だが残念なことに、それらの技術はいずれも朝鮮の風土に定着しなかった。
灌漑施設としての水車の優秀性は、その後も何度か提議されていたし、造紙のほうも17世紀になり、柳馨遠が「倭楮の軽沢精緻に如かず」と、日本の楮(こうぞ)である倭楮を使った紙の製造を提唱しているからだ。
これらの事実は、朝鮮側には日本の技術を受容し維持するだけの土壌が整っていなかったことを示している。

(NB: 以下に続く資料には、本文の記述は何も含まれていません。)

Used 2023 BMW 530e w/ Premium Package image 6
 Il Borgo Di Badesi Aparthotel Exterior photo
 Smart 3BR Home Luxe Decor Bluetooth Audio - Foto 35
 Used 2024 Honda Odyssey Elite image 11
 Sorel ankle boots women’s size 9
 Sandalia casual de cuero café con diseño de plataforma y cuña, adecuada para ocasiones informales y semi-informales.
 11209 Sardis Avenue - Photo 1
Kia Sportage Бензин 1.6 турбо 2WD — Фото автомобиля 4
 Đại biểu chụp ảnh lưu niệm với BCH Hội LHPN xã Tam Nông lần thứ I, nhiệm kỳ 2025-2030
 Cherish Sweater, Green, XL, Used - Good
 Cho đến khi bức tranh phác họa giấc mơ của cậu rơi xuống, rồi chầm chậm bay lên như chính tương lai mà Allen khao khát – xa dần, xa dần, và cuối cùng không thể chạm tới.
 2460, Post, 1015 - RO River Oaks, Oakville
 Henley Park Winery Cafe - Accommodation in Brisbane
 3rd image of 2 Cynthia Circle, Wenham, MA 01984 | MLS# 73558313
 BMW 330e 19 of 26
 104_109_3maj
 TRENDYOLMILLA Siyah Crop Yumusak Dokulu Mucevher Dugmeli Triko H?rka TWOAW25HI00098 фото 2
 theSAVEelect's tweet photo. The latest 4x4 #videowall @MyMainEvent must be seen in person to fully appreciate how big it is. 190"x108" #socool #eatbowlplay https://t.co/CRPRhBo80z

これに対して日本では、朴端生が日本を訪れる百年以上も前に、水車を利用して離宮に川の水を汲み上げた話が『徒然草』(第五十一段)に記されている。
その水車が農民たちの手で取り付けられていたことを考えると、当時、日本と朝鮮の間には相当の技術格差があったことがわかる。
したがって、韓国の歴史教科書にあるように「技術を学ぶのに苦労していた」のは、日本側ではなくむしろ朝鮮の方であったのである。
そして、この現実は後世、実学者と呼ばれた人々が日本や清との技術的格差を深刻に捉え、その導入方法に苦慮していたことでも明らかなように、近世に入っても変わりがなかったのである。
このことは技術に限らず、文化一般についても言えた。
通信使一行の中で公式的に日本側と文書の交換をした書状官の人選が重視されたのは、日本側にも朝鮮側に劣らない文章力があったことを示している。
朴端生の十数年後、申叔舟が書状官として日本に渡った際、その人選が遅れた理由を、「その国俗、詞章を喜び、書状官を擬してその人を難ず。
かつ風濤嫌悪、人皆行くを憚」ったからだ、と姜希孟が「文忠公行状」の中で述べているのは、その事実を伝えるものである。
これは15世紀のことであったが、その現実はその後も変わりがなかった。
宣祖二十年(1586年)、日本からの使臣を迎えることになった朝鮮側では、「況んや日本人、詩を能くし、酬唱(詩を作って互いにやりとりすること)の際もし或いは未だ尽くさざれば必ずその国に伝笑す。
関する所軽きにあらず。宣慰使は職秩の高下を論ずることなく、一代の文章の士を極めよ」とし、日本に対する対抗意識を露にしていた。